Working line by line, output the entries below exactly as they appear.

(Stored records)

******************************

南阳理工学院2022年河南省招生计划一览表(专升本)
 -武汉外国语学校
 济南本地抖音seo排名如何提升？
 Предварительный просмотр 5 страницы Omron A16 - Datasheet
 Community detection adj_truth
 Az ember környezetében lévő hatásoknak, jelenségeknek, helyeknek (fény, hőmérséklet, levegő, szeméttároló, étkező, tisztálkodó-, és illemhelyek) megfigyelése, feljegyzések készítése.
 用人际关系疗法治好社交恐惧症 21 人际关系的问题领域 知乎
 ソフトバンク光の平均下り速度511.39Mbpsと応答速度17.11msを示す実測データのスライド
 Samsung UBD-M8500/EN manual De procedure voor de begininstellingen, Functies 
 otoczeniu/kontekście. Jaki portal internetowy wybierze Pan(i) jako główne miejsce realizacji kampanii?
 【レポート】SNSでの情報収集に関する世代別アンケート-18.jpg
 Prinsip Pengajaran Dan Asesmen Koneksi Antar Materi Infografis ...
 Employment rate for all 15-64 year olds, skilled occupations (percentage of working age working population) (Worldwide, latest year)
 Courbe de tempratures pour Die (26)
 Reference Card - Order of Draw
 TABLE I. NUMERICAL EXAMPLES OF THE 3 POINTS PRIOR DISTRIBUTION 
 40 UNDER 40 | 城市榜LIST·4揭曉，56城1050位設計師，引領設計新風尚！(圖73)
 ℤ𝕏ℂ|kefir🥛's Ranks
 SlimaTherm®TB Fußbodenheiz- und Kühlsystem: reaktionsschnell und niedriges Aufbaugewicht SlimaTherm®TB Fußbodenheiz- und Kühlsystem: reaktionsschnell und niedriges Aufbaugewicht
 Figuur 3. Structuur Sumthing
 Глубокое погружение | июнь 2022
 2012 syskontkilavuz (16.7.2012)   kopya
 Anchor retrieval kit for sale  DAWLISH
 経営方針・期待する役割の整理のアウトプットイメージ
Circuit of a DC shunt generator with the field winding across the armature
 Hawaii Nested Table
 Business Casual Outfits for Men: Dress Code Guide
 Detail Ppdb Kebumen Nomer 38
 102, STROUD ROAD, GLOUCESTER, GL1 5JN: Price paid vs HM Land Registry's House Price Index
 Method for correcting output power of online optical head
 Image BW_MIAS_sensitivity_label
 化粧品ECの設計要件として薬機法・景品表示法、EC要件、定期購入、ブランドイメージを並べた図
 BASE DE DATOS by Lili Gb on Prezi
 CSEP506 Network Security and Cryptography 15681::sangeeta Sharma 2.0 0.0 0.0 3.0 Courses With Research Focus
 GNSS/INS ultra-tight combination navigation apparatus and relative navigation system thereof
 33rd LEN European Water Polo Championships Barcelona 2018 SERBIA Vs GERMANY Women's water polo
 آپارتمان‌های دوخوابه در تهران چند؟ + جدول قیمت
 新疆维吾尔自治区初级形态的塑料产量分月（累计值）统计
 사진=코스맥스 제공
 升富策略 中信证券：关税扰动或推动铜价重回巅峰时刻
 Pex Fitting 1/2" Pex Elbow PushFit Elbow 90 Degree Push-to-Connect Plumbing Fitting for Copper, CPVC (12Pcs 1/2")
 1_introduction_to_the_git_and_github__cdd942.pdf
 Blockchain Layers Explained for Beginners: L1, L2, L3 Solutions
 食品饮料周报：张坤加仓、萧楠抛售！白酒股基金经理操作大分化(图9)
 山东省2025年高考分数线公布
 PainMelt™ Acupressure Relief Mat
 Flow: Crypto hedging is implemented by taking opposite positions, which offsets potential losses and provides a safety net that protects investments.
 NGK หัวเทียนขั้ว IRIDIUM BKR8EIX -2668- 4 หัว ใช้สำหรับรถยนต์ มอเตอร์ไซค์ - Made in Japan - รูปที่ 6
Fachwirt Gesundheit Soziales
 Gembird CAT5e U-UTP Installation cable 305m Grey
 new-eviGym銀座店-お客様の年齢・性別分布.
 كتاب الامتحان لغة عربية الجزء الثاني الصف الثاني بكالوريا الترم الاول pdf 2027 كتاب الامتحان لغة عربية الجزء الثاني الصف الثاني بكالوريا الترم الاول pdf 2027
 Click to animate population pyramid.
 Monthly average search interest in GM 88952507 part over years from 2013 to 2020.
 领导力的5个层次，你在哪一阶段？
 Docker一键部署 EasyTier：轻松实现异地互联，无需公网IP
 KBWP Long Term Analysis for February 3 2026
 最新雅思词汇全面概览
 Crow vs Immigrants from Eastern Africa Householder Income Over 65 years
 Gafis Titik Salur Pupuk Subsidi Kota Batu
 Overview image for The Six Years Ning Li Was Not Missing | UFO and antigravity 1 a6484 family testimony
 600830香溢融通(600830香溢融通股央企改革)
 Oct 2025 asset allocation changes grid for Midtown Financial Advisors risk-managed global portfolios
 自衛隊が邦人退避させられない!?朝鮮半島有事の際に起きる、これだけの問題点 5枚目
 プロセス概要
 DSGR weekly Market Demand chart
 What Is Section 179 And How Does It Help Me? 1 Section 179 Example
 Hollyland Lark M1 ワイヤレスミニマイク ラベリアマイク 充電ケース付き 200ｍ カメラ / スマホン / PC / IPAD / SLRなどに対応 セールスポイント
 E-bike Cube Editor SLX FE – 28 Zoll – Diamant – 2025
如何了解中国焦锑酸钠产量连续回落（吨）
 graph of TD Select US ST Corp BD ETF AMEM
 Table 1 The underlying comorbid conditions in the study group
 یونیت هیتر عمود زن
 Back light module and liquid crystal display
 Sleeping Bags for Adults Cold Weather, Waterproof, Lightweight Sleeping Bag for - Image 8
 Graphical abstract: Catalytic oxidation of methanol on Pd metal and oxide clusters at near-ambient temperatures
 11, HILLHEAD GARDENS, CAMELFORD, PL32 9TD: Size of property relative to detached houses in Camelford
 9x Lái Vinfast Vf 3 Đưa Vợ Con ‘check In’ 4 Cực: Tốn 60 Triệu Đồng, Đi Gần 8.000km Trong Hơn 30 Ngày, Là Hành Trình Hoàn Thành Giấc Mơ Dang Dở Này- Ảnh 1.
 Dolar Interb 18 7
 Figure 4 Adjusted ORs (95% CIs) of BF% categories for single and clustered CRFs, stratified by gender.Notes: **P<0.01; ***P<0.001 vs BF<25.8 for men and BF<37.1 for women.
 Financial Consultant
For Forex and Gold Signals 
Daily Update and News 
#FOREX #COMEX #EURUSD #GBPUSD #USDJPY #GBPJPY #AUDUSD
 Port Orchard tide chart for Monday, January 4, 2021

******************************

» Answer to the problem:
南阳理工学院2022年河南省招生计划一览表(专升本)
 -武汉外国语学校
 济南本地抖音seo排名如何提升？
 Предварительный просмотр 5 страницы Omron A16 - Datasheet
 Community detection adj_truth
 Az ember környezetében lévő hatásoknak, jelenségeknek, helyeknek (fény, hőmérséklet, levegő, szeméttároló, étkező, tisztálkodó-, és illemhelyek) megfigyelése, feljegyzések készítése.
 用人际关系疗法治好社交恐惧症 21 人际关系的问题领域 知乎
 ソフトバンク光の平均下り速度511.39Mbpsと応答速度17.11msを示す実測データのスライド
 Samsung UBD-M8500/EN manual De procedure voor de begininstellingen, Functies 
 otoczeniu/kontekście. Jaki portal internetowy wybierze Pan(i) jako główne miejsce realizacji kampanii?
 【レポート】SNSでの情報収集に関する世代別アンケート-18.jpg
 Prinsip Pengajaran Dan Asesmen Koneksi Antar Materi Infografis ...
 Employment rate for all 15-64 year olds, skilled occupations (percentage of working age working population) (Worldwide, latest year)
 Courbe de tempratures pour Die (26)
 Reference Card - Order of Draw
 TABLE I. NUMERICAL EXAMPLES OF THE 3 POINTS PRIOR DISTRIBUTION 
 40 UNDER 40 | 城市榜LIST·4揭曉，56城1050位設計師，引領設計新風尚！(圖73)
 ℤ𝕏ℂ|kefir🥛's Ranks
 SlimaTherm®TB Fußbodenheiz- und Kühlsystem: reaktionsschnell und niedriges Aufbaugewicht SlimaTherm®TB Fußbodenheiz- und Kühlsystem: reaktionsschnell und niedriges Aufbaugewicht
 Figuur 3. Structuur Sumthing
 Глубокое погружение | июнь 2022
 2012 syskontkilavuz (16.7.2012)   kopya
 Anchor retrieval kit for sale  DAWLISH
 経営方針・期待する役割の整理のアウトプットイメージ
Circuit of a DC shunt generator with the field winding across the armature
 Hawaii Nested Table
 Business Casual Outfits for Men: Dress Code Guide
 Detail Ppdb Kebumen Nomer 38
 102, STROUD ROAD, GLOUCESTER, GL1 5JN: Price paid vs HM Land Registry's House Price Index
 Method for correcting output power of online optical head
 Image BW_MIAS_sensitivity_label
 化粧品ECの設計要件として薬機法・景品表示法、EC要件、定期購入、ブランドイメージを並べた図
 BASE DE DATOS by Lili Gb on Prezi
 CSEP506 Network Security and Cryptography 15681::sangeeta Sharma 2.0 0.0 0.0 3.0 Courses With Research Focus
 GNSS/INS ultra-tight combination navigation apparatus and relative navigation system thereof
 33rd LEN European Water Polo Championships Barcelona 2018 SERBIA Vs GERMANY Women's water polo
 آپارتمان‌های دوخوابه در تهران چند؟ + جدول قیمت
 新疆维吾尔自治区初级形态的塑料产量分月（累计值）统计
 사진=코스맥스 제공
 升富策略 中信证券：关税扰动或推动铜价重回巅峰时刻
 Pex Fitting 1/2" Pex Elbow PushFit Elbow 90 Degree Push-to-Connect Plumbing Fitting for Copper, CPVC (12Pcs 1/2")
 1_introduction_to_the_git_and_github__cdd942.pdf
 Blockchain Layers Explained for Beginners: L1, L2, L3 Solutions
 食品饮料周报：张坤加仓、萧楠抛售！白酒股基金经理操作大分化(图9)
 山东省2025年高考分数线公布
 PainMelt™ Acupressure Relief Mat
 Flow: Crypto hedging is implemented by taking opposite positions, which offsets potential losses and provides a safety net that protects investments.
 NGK หัวเทียนขั้ว IRIDIUM BKR8EIX -2668- 4 หัว ใช้สำหรับรถยนต์ มอเตอร์ไซค์ - Made in Japan - รูปที่ 6
Fachwirt Gesundheit Soziales
 Gembird CAT5e U-UTP Installation cable 305m Grey
 new-eviGym銀座店-お客様の年齢・性別分布.
 كتاب الامتحان لغة عربية الجزء الثاني الصف الثاني بكالوريا الترم الاول pdf 2027 كتاب الامتحان لغة عربية الجزء الثاني الصف الثاني بكالوريا الترم الاول pdf 2027
 Click to animate population pyramid.
 Monthly average search interest in GM 88952507 part over years from 2013 to 2020.
 领导力的5个层次，你在哪一阶段？
 Docker一键部署 EasyTier：轻松实现异地互联，无需公网IP
 KBWP Long Term Analysis for February 3 2026
 最新雅思词汇全面概览
 Crow vs Immigrants from Eastern Africa Householder Income Over 65 years
 Gafis Titik Salur Pupuk Subsidi Kota Batu
 Overview image for The Six Years Ning Li Was Not Missing | UFO and antigravity 1 a6484 family testimony
 600830香溢融通(600830香溢融通股央企改革)
 Oct 2025 asset allocation changes grid for Midtown Financial Advisors risk-managed global portfolios
 自衛隊が邦人退避させられない!?朝鮮半島有事の際に起きる、これだけの問題点 5枚目
 プロセス概要
 DSGR weekly Market Demand chart
 What Is Section 179 And How Does It Help Me? 1 Section 179 Example
 Hollyland Lark M1 ワイヤレスミニマイク ラベリアマイク 充電ケース付き 200ｍ カメラ / スマホン / PC / IPAD / SLRなどに対応 セールスポイント
 E-bike Cube Editor SLX FE – 28 Zoll – Diamant – 2025
如何了解中国焦锑酸钠产量连续回落（吨）
 graph of TD Select US ST Corp BD ETF AMEM
 Table 1 The underlying comorbid conditions in the study group
 یونیت هیتر عمود زن
 Back light module and liquid crystal display
 Sleeping Bags for Adults Cold Weather, Waterproof, Lightweight Sleeping Bag for - Image 8
 Graphical abstract: Catalytic oxidation of methanol on Pd metal and oxide clusters at near-ambient temperatures
 11, HILLHEAD GARDENS, CAMELFORD, PL32 9TD: Size of property relative to detached houses in Camelford
 9x Lái Vinfast Vf 3 Đưa Vợ Con ‘check In’ 4 Cực: Tốn 60 Triệu Đồng, Đi Gần 8.000km Trong Hơn 30 Ngày, Là Hành Trình Hoàn Thành Giấc Mơ Dang Dở Này- Ảnh 1.
 Dolar Interb 18 7
 Figure 4 Adjusted ORs (95% CIs) of BF% categories for single and clustered CRFs, stratified by gender.Notes: **P<0.01; ***P<0.001 vs BF<25.8 for men and BF<37.1 for women.
 Financial Consultant
For Forex and Gold Signals 
Daily Update and News 
#FOREX #COMEX #EURUSD #GBPUSD #USDJPY #GBPJPY #AUDUSD
 Port Orchard tide chart for Monday, January 4, 2021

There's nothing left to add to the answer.